# RECORDS SHOWN
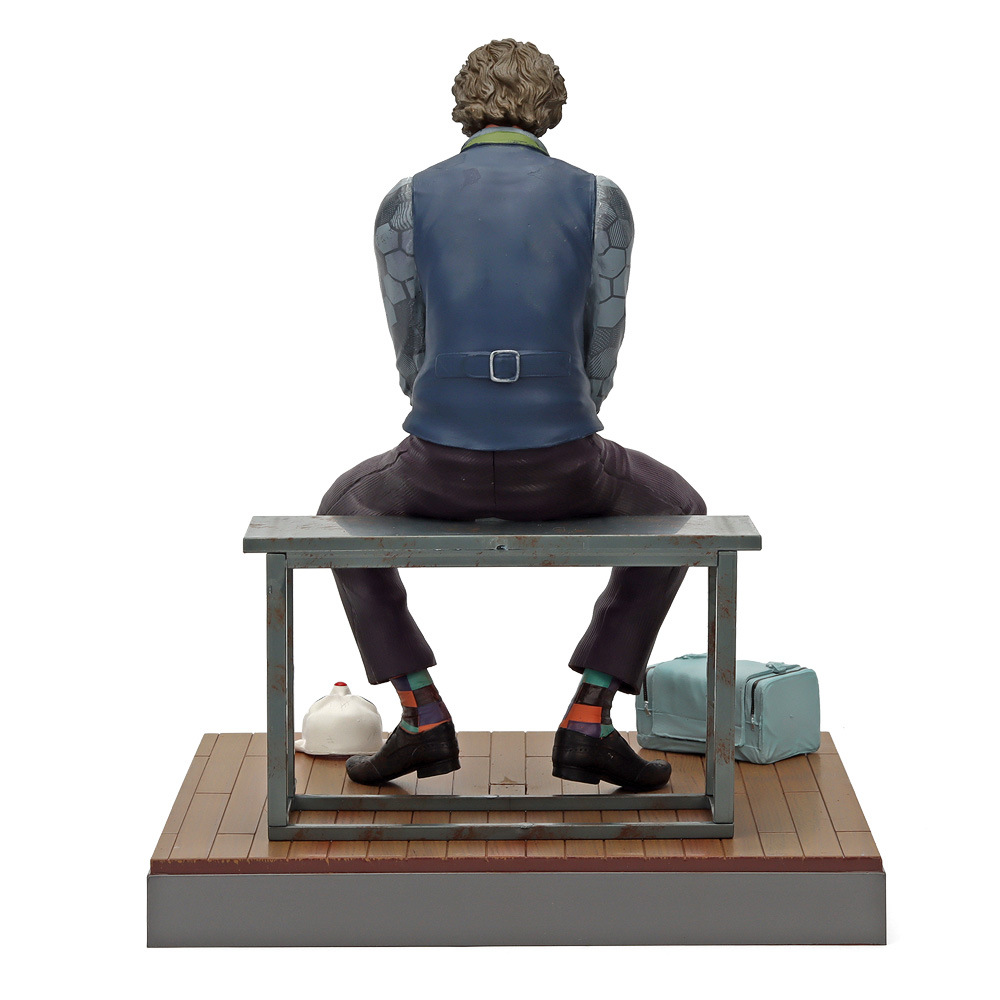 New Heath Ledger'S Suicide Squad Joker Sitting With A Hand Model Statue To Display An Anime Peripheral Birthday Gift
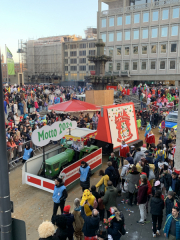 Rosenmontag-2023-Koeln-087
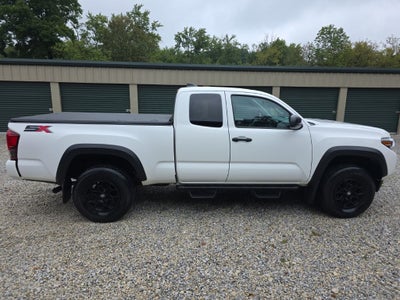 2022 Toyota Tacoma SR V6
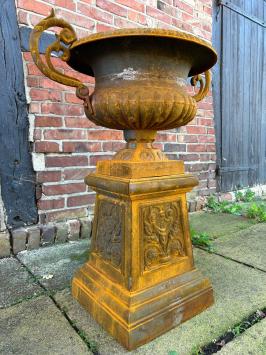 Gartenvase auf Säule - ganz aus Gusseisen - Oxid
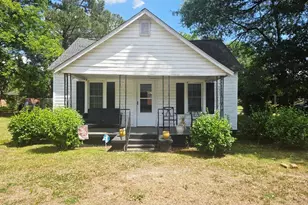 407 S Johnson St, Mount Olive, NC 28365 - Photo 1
==
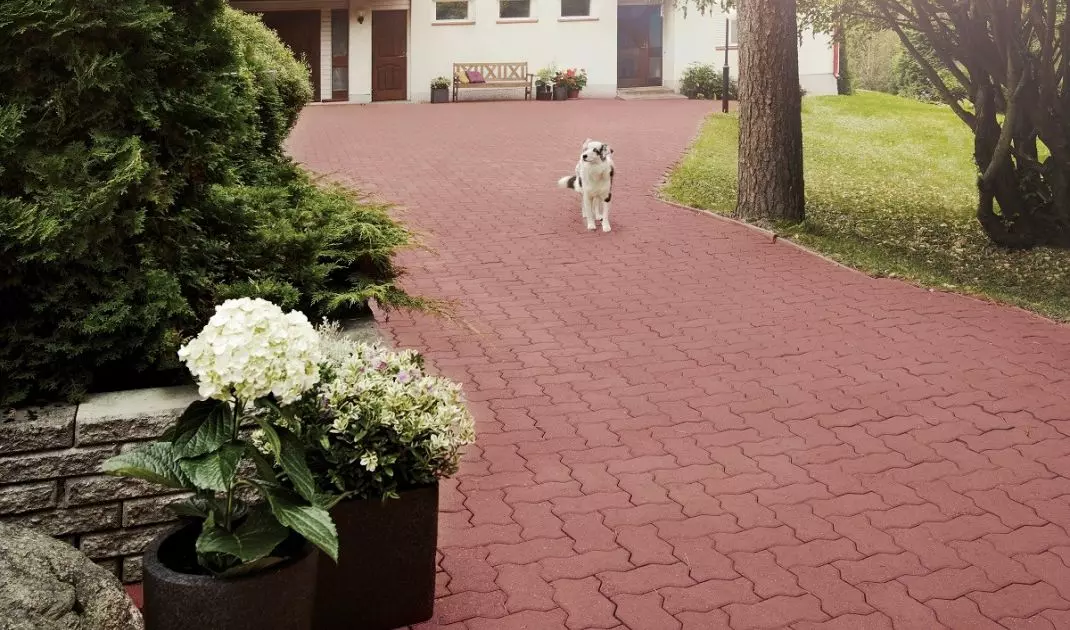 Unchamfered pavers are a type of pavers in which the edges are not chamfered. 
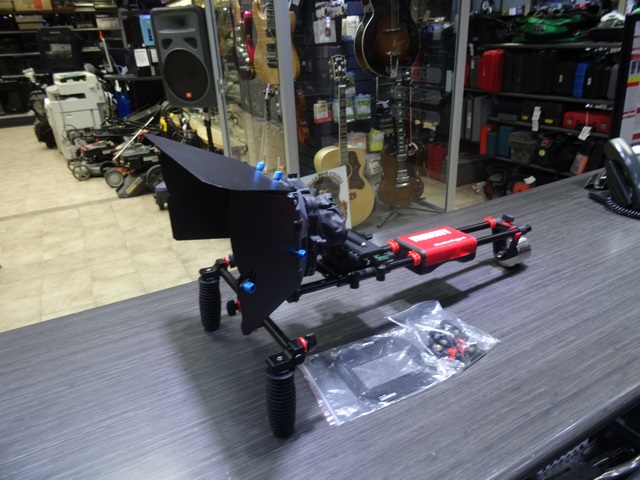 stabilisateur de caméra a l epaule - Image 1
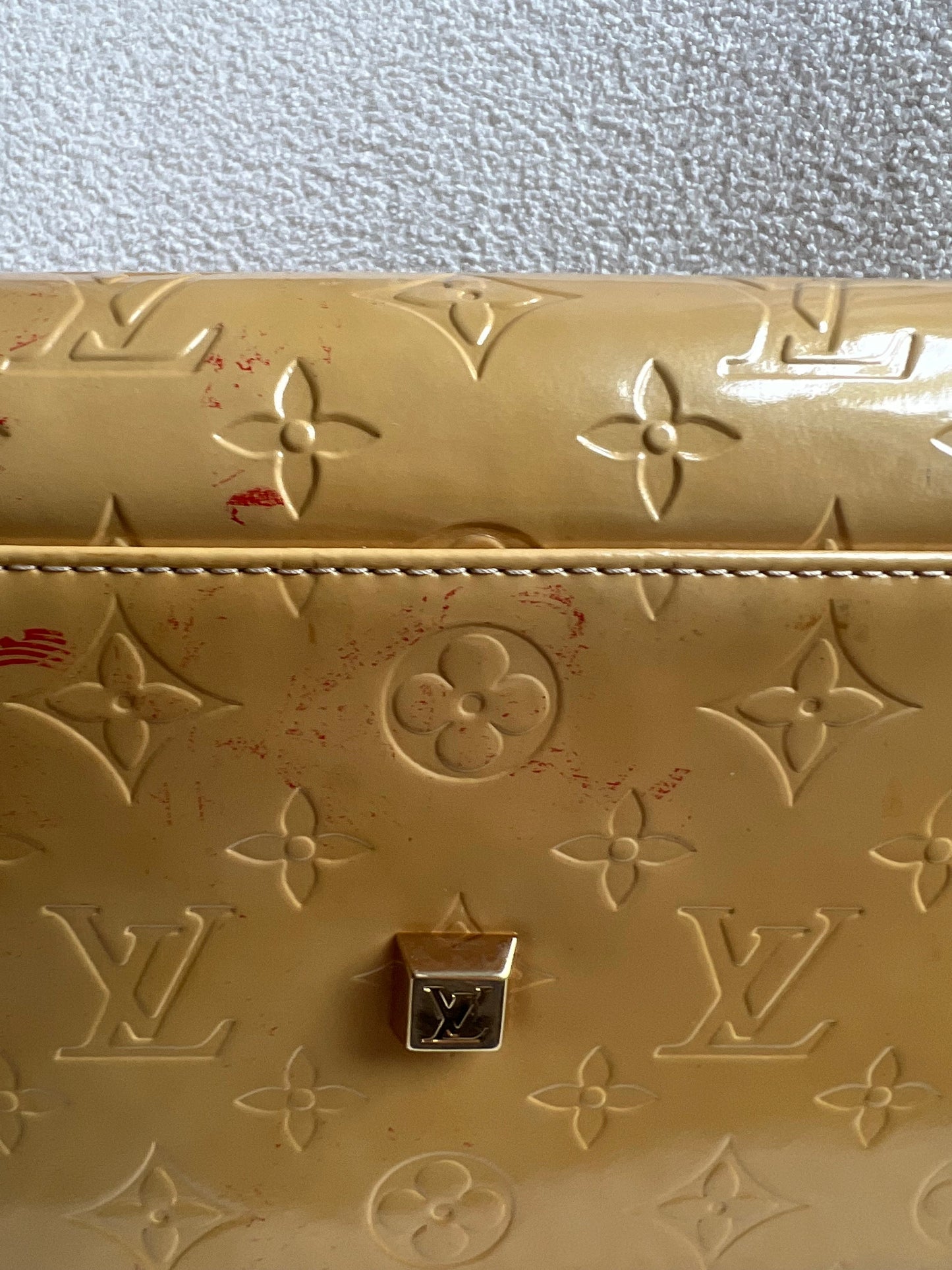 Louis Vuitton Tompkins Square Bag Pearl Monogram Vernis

# PROBLEM STATEMENT
In the listing above, find the line containing "New Heath Ledger'S" and the line containing "407 S Johnson", then write out both of them and every line between, exactly, with no pictures.

# COMPLETED TASK
 New Heath Ledger'S Suicide Squad Joker Sitting With A Hand Model Statue To Display An Anime Peripheral Birthday Gift
 Rosenmontag-2023-Koeln-087
 2022 Toyota Tacoma SR V6
 Gartenvase auf Säule - ganz aus Gusseisen - Oxid
 407 S Johnson St, Mount Olive, NC 28365 - Photo 1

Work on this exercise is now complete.